Выбрать главу

Может быть, это объясняется и еврейским происхождением?

Я не думаю. Может быть, но этого как-то просто не вижу. Я думаю, дело в том, что английский язык, английская литература интересовали меня давным-давно в России. Я довольно много переводил с английского. Когда я попал в Штаты, то подумал, что вот наконец я, переводчик, приблизился вплотную к оригиналу.

Я имела в виду двойную культуру. Воспоминания о еврействе, даже если вы не были воспитаны в еврейских традициях.

Ну, у меня никаких воспоминаний нет, потому что в семье, среди родственников этого совершенно не было. Я был в синагоге только один раз, когда с группой приятелей зашел туда по пьяному делу, потому что она оказалась рядом. Любопытства ради. Культура начала становиться для меня "двойной" только с помощью английского. Но вся суть заключается в том, что она начала становиться не столько "двойной", сколько культурой, потому что Россия — только часть христианской культуры, одна ее сторона, довольно интересная, но не самая интересная. По крайней мере, это одностороннее представление о мире. Та цивилизация, та культура, к которой мы принадлежим, — это христианская или постхристианская культура. И мне видны на сегодняшний день, я надеюсь, две грани ее: рациональная английская и рефлексивная русская.

ХЛЕБ ПОЭЗИИ В ВЕК РАЗБРОДА

Игорь Померанцев

Журнал "Арион", № 3, 1995 год

Запись интервью, переданного по радио "Свобода" в 1981 году

Начиная с середины шестидесятых годов в самиздате ходило ваше стихотворение "Большая элегия Джону Донну". В то время Донн был почти неизвестен широкому читателю. Как вы открыли его для себя?
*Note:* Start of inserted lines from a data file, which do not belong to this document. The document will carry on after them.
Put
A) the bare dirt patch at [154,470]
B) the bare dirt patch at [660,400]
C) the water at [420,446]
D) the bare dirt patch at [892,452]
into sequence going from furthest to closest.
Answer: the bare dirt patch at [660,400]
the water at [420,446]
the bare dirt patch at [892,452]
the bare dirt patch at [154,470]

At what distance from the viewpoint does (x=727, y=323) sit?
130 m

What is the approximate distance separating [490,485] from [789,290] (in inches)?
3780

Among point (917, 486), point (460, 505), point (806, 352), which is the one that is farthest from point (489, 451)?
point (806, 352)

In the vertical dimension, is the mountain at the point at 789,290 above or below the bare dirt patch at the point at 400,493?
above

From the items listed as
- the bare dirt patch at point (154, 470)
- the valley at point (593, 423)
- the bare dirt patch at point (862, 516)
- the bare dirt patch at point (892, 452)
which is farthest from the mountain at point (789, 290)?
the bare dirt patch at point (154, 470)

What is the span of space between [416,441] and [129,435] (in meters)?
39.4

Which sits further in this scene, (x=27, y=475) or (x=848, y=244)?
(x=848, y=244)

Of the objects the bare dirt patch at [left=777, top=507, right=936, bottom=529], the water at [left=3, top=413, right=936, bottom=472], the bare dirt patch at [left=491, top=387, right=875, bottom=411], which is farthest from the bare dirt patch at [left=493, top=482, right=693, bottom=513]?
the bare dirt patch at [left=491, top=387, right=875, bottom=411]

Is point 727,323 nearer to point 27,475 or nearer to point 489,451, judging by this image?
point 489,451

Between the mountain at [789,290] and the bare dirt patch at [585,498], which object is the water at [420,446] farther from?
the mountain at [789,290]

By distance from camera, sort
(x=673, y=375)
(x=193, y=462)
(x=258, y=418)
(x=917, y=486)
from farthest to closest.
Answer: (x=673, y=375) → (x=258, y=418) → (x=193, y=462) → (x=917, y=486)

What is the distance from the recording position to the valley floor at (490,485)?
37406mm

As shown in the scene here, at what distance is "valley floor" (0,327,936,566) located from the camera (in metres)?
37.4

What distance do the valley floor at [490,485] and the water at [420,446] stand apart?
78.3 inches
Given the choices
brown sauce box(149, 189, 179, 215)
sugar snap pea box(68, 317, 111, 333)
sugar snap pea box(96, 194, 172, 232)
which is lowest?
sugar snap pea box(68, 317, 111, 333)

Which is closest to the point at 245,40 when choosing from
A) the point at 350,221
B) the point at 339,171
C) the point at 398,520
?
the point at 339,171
Наткнулся я на него таким же образом, как и большинство, — в эпиграфе к роману "По ком звонит колокол". Я почему-то считал, что это перевод стихотворения, и поэтому пытался найти сборник Донна. Но безуспешно. Только потом я догадался, что это отрывок из его проповеди. То есть Донн в некотором роде начался для меня так же, как и для английской публики, для его современников. Потому что Донн в его время был более известен как проповедник, нежели как поэт. Самое интересное, как я достал эту книгу. Я рыскал по разным антологиям. В шестьдесят четвертом году я получил свои пять лет, был арестован, сослан в Архангельскую область, и в качестве подарка к моему дню рождения Лидия Корнеевна Чуковская прислала мне — видимо, взяла в библиотеке своего отца — издание Донна в "Modern Library". И тут я впервые прочел все стихи Донна, прочел всерьез.

Когда вы писали "Большую элегию Джона Донна", что больше на вас влияло — его образ или собственно его поэзия?

Я сочинял это, по-моему, в шестьдесят втором году, зная о Донне чрезвычайно мало, то есть практически ничего. Зная какие-то отрывки из его проповедей и стихи, которые обнаружились в антологиях.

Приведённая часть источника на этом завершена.